→ Problem requirements:
What you write must be the listing below in full, word for word, minus its pictures.

→ Collected data:
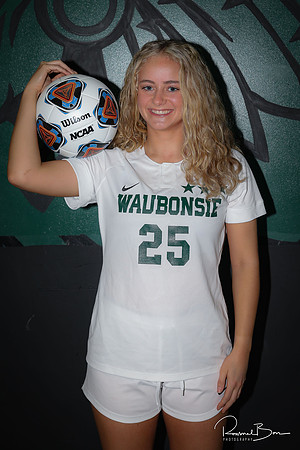 2022 Senior Girls Soccer-71
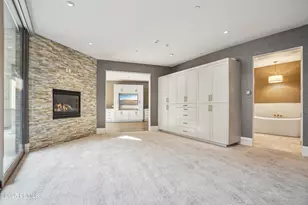 4141 E Canyon Estate Dr, Salt Lake City, UT 84121 - Photo 82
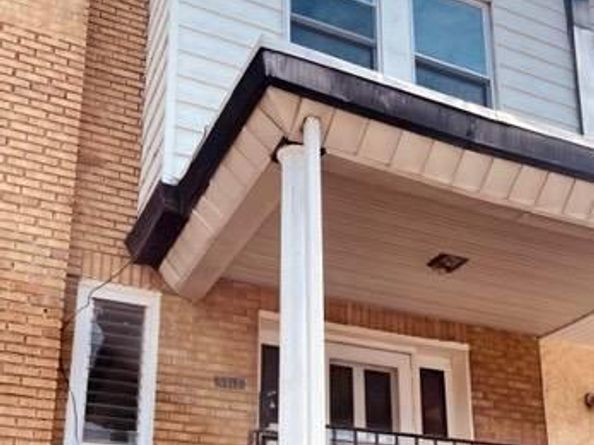 5915 Palmetto Street, Philadelphia PA 19120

→ Result:
 2022 Senior Girls Soccer-71
 4141 E Canyon Estate Dr, Salt Lake City, UT 84121 - Photo 82
 5915 Palmetto Street, Philadelphia PA 19120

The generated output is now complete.